Governo e Assembleia Legislativa “ressuscitam” o “Conselhão”

Sob protestos da oposição, plenário da Assembleia "ressuscitou" o "Conselhão"
Sob protestos da oposição, plenário da Assembleia “ressuscitou” o “Conselhão”

Em meio à crise no Sistema Penitenciário do Maranhão, o Governo do Estado e o plenário da Assembleia Legislativa aprovaram, na manhã desta terça-feira (04), a Medida Provisória nº 153/2013, do Poder Executivo, que cria o Conselho de Gestão Estratégica, o mesmo “Conselhão”, destinado a abrigar aliados políticos, que foi extinto no ano passado após críticas e desgastes.

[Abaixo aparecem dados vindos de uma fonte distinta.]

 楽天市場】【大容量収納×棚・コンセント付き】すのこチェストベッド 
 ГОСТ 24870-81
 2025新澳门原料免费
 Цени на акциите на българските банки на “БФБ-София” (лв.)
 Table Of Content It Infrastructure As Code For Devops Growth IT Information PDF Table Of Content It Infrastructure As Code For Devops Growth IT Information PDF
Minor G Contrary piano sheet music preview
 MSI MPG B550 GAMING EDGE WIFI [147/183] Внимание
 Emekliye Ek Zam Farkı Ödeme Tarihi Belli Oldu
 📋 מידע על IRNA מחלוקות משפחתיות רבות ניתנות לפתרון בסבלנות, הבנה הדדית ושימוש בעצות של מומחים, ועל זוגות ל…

A matéria foi contestada pelo Bloco de Oposição.

O projeto, encaminhado à Assembleia no ano passado através da Mensagem Governamental nº 072, foi aprovado pelo Plenário, com votos contrários dos deputados Marcelo Tavares (PSB), Othelino Neto (PCdoB), Rubens Júnior (PCdoB), Carlos Amorim (PDT) e Raimundo Cutrim (PCdoB) da Bancada da Oposição.

O projeto que “ressuscita” o “Conselhão” obteve parecer favorável da Comissão de Constituição, Justiça e Cidadania da Assembleia e teve como relator o deputado Carlos Alberto Milhomem (PSD). Inscreveram-se para discutir o encaminhamento da votação da materia os deputados Rubens Pereira Júnior (PCdoB) e Othelino Neto (PCdoB).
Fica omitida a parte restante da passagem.